### Extracted material
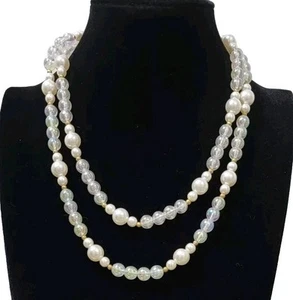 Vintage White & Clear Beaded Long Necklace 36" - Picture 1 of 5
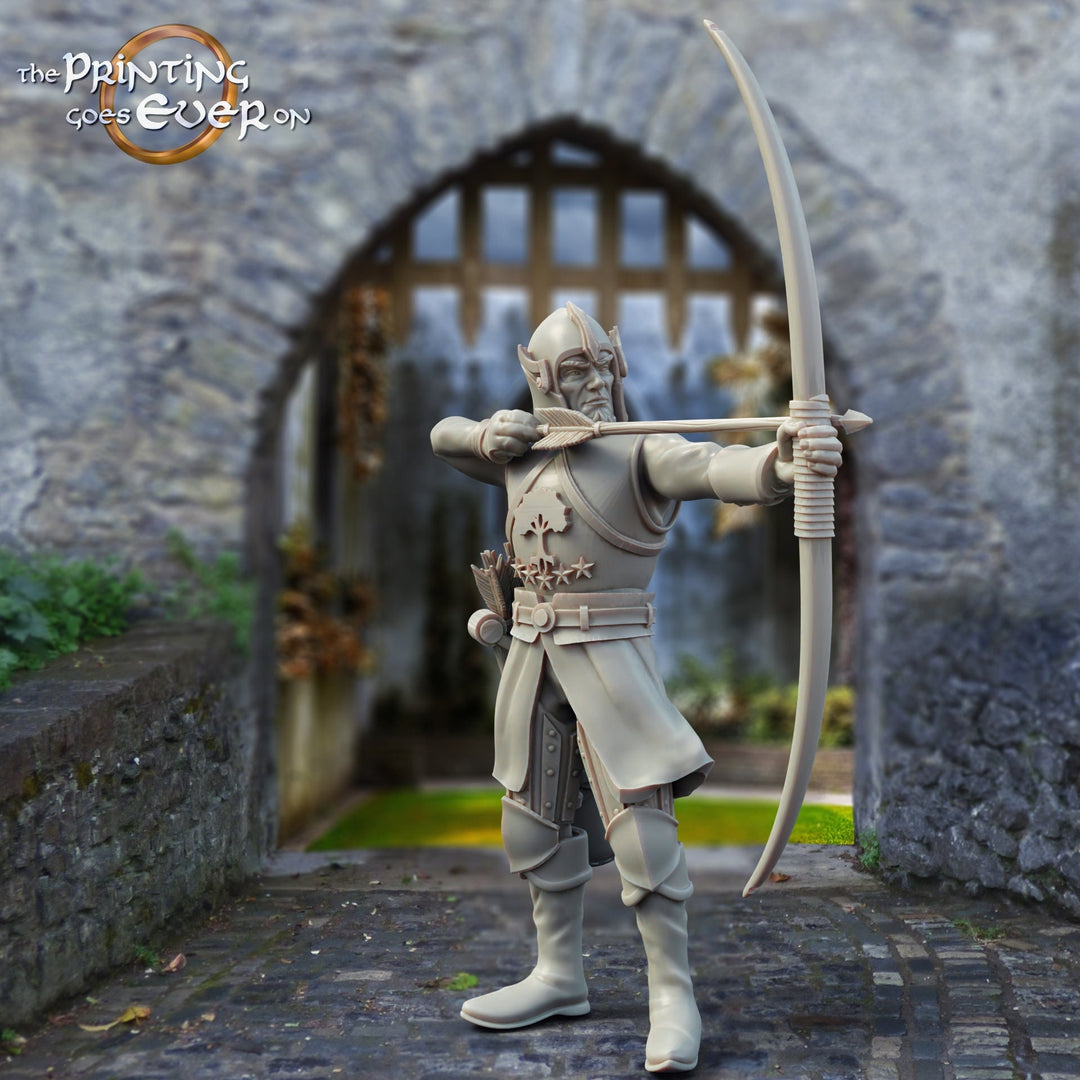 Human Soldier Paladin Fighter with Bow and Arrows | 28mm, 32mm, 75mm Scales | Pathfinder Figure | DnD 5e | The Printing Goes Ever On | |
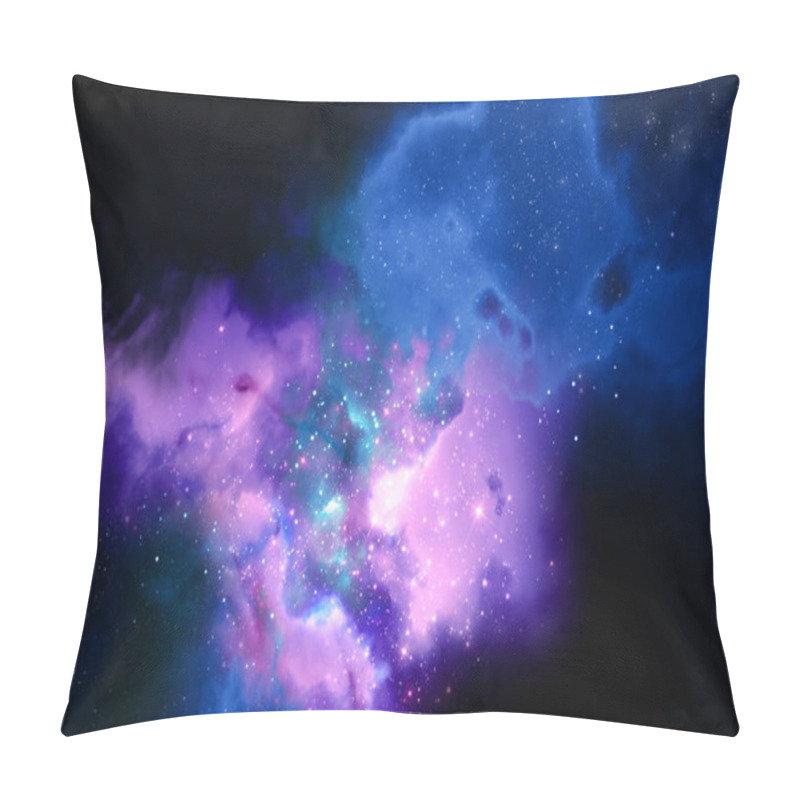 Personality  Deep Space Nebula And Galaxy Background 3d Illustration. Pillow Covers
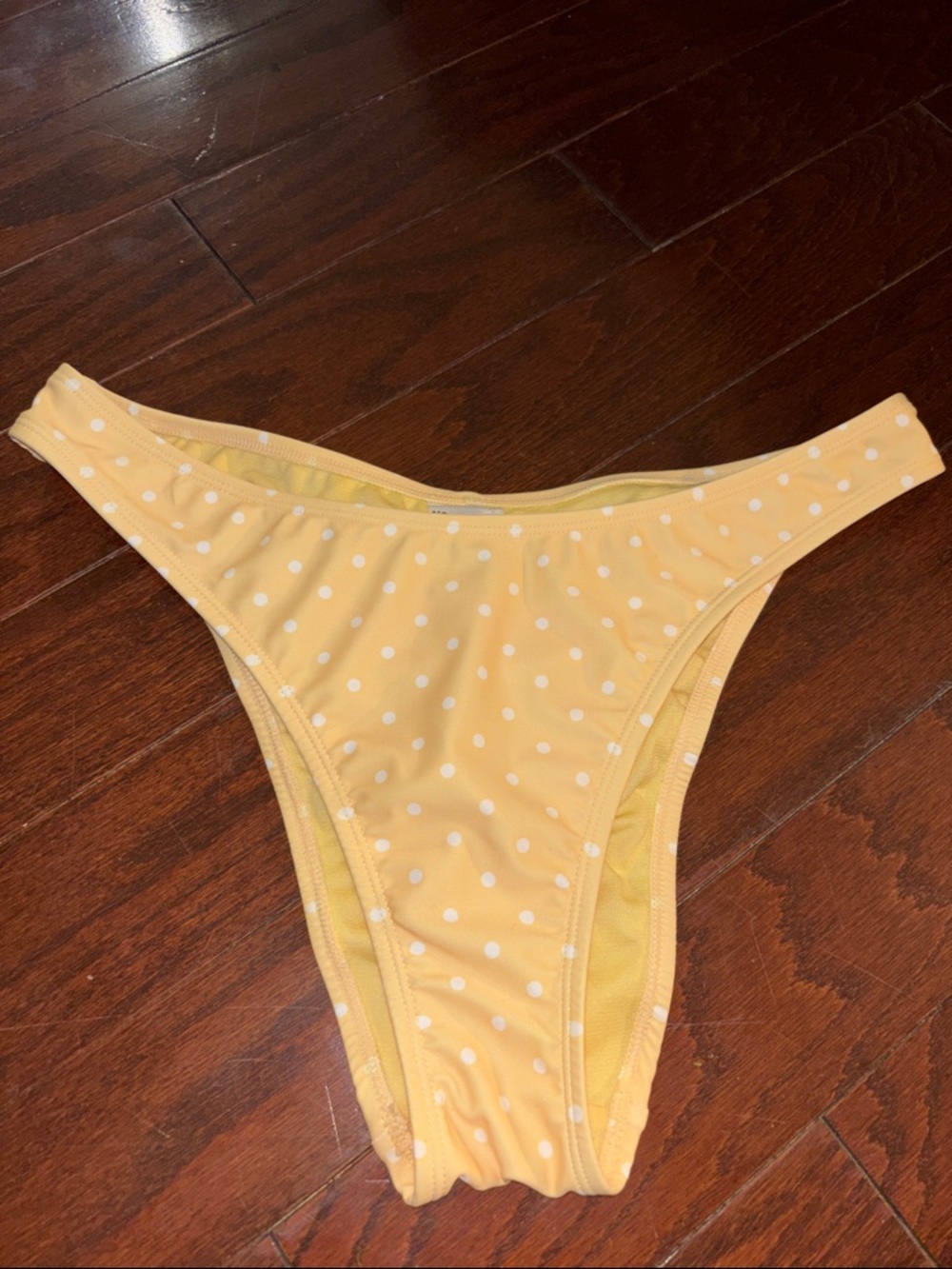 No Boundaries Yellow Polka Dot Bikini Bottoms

--

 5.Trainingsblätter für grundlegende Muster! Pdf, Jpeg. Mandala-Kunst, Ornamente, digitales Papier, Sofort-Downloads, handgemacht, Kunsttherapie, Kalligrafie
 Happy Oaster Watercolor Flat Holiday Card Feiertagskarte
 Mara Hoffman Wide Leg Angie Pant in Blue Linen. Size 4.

### Problem statement
Extract, without any images, the part of the material above that opens with the line containing "Vintage White &" and closes with the line containing "Illustration. Pillow Covers", both lines included.

### Result
 Vintage White & Clear Beaded Long Necklace 36" - Picture 1 of 5
 Human Soldier Paladin Fighter with Bow and Arrows | 28mm, 32mm, 75mm Scales | Pathfinder Figure | DnD 5e | The Printing Goes Ever On | |
 Personality  Deep Space Nebula And Galaxy Background 3d Illustration. Pillow Covers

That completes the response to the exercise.